The most obvious demerit points are aimed at those who engage in criminal behaviour or are in debt.

But what people say and do in public can also be ‘scored’ — both positively or negatively. As can their purchasing habits.

Smoking on a train. Illegal parking. Being unruly in a public place. Taking an unsanctioned line on social media. All can cost points.

Members of the Communist state with high scores can benefit through the opening of doors to services, travel and positions. Those with lower scores see those doors closed.

And, if you think this sounds creepy, you’re not alone. NGO Human Rights Watch is closely watching what is unfolding in China in relation to mass surveillance.

Maya Wang, a senior researcher at the group, told the Washington Post that China was aggregating data about its citizens and using the information they had gathered to target ethnic minorities in the western Chinese province.

“For the first time, we are able to demonstrate that the Chinese government’s use of big data and predictive policing not only blatantly violates privacy rights, but also enables officials to arbitrarily detain people,” Wang said.

“People in Xinjiang can’t resist or challenge the increasingly intrusive scrutiny of their daily lives because most don’t even know about this ‘black box’ program or how it works.”

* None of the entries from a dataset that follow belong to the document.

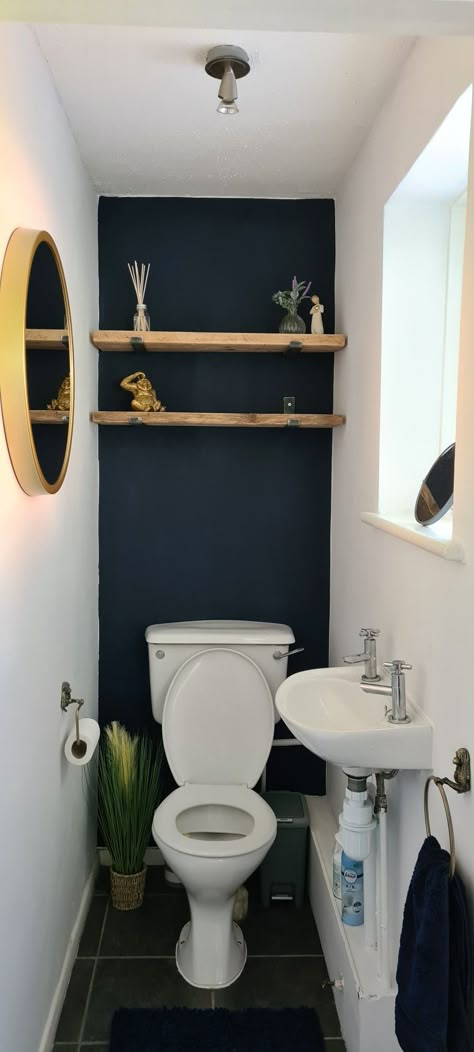 Navy downstairs toilet with gold accessories. Teal Toilet Room, Toilet Accent Wall, Accent Wall Behind Toilet, Sw Cascades, Wall Behind Toilet, Small Wc Ideas Downstairs Loo, Bathroom Wallpaper Accent, Bathroom Wallpaper Accent Wall, Teal Accent Wall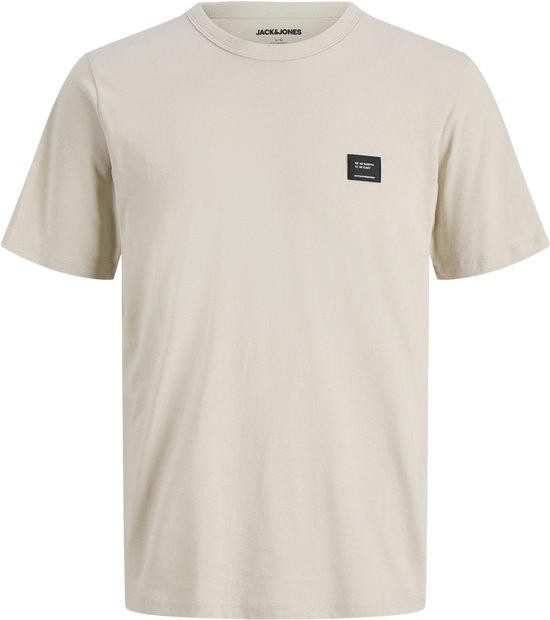 Un t-shirt beige à manches courtes avec un petit patch noir marqué sur le côté gauche de la poitrine.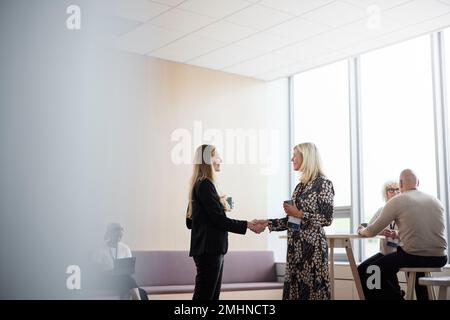 Businesswomen talking during coffee break Stock Photo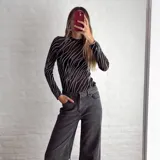 Top negro de mangas largas con estampado de líneas plateadas.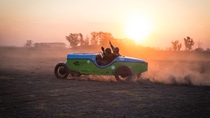 Partly silhouetted against the sunset, racing driver Hernan Bradas and his co-driver wave as they drive the green and blue eBaquet, an electric car built in the style of a famous 1940s racing car, along a dusty track in Argentina. 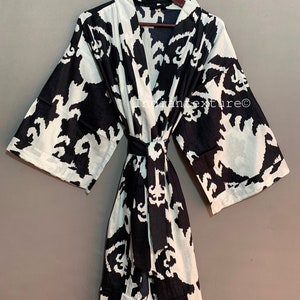May include: A black and white patterned kimono robe with a tie belt. The pattern is a stylized floral design. The robe is hanging on a wooden hanger.
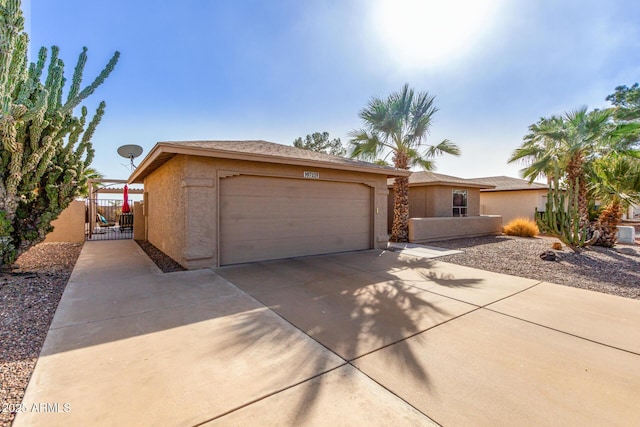 view of front of home with a gate and stucco siding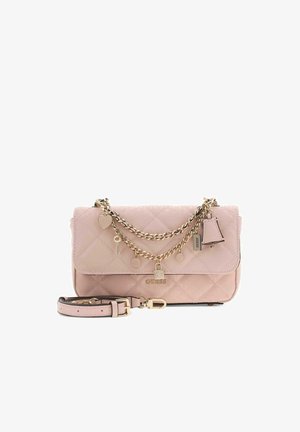 Sac à main matelassé rose clair Guess avec chaîne en or, breloques, détail de serrure et bandoulière amovible sur fond blanc.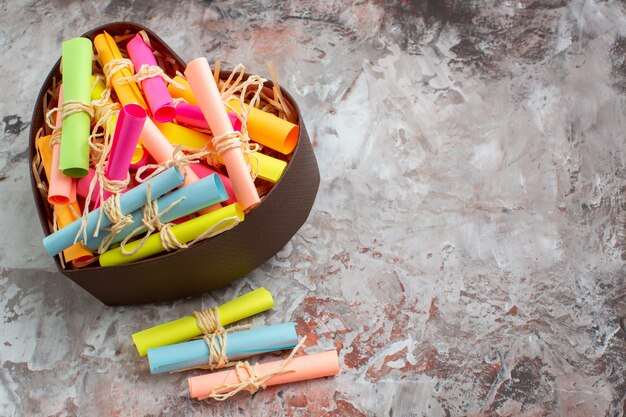 Top view rolled up colored sticky notes in heart shaped box on brown table with free space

China’s ‘social credit’ system is seeing expanded application under its leader, President Xi Jinping’s emperor-like rule.

The National Development and Reform Commission recently released a report saying a person’s score on this conformity system will now determine whether or not individuals are free to travel.

“Chinese government authorities clearly hope to create a reality in which bureaucratic pettiness could significantly limit people’s rights,” says Maya Wang, a senior researcher for the non-profit NGO Human Rights Watch.

Under the social credit system, the Beijing government assigns a value to the behaviour of its citizens. It hopes to have a centralised database adding and subtracting points for all its 1.4 billion citizens in full swing by 2020.